The Lost Boys Symphony, by Mark Andrew Ferguson

The Lost Boys SymphonyIt’s apparently the time of year for me to read weird books. Sex strikes, cocaine as a narrator, odd people hanging out in hotels…. But where those books were weird in a “What the heck is going on?” way, this book is weird in a “My brain is broken and I don’t have enough duct tape to fix it right now” sort of way, largely because time travel.

And it’s the most brain-breaking-est kind of time travel, too, where people change history and then remember new memories but also old memories and are still hanging out wherever they were when they changed history regardless of the fact that they CHANGED HISTORY and shouldn’t be there anymore!
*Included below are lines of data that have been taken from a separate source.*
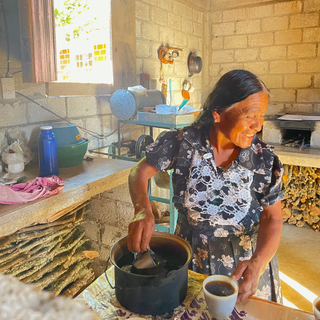 Mazatec woman in a floral dress smiles in a sunlit rustic workshop with coffee tools and exposed block walls.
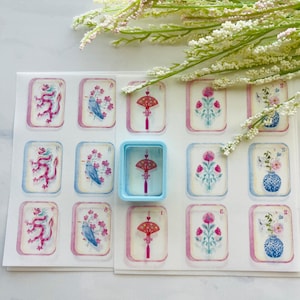 May include: A sheet of decorative stickers featuring various designs, including a red dragon, a blue bird with pink flowers, and a red fan with a tassel. A light blue container holds a sticker with a red fan design. The stickers have a watercolor effect.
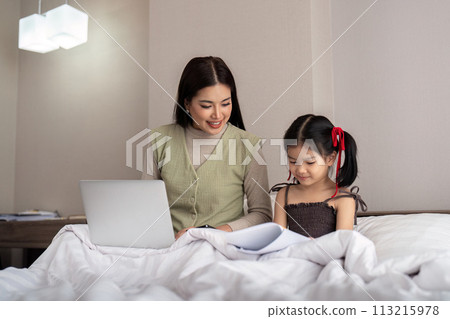 Mom work from home with children. Mother working on bed laptop in bedroom with child daughter. Funny authentic lifestyle family moment 113215978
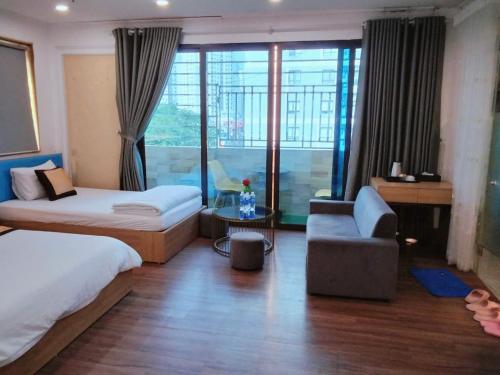 a hotel room with two beds and a window at Dream Hotel in Hanoi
It’s not Looper levels of ridiculous with severed limbs or anything, but it comes pretty close.

Okay, so, the story. There’s this dude, Henry (the best time traveller name?), and he’s a super percussionist, awesome boyfriend to Val, and best of best friends to Gabe. However, he’s got some mental issues, and at the beginning of the story he is escaping his mother’s house and the imaginary cacophony that surrounds him there to hike across the George Washington Bridge into Manhattan and get back together with Val, who recently left him for a new life. Halfway across the bridge, he is overcome by the bridge’s music (again, imaginary) and collapses, waking up some time later in a strange place with two strange but eerily familiar people watching over him.

Turns out those dudes are the Henrys 80 and 41 (as they call themselves), and they have figured out how to use the crazy bridge music to time travel (as you do) and they have come to talk to 19 and see if he can’t fix their lives that have not gone quite the way they want them to. Henry 19 is really unclear about how and why they’ve come to him and what he can do to help, and as the story goes along he comes to find that maybe 80 and 41 aren’t any more clear than he is on that score.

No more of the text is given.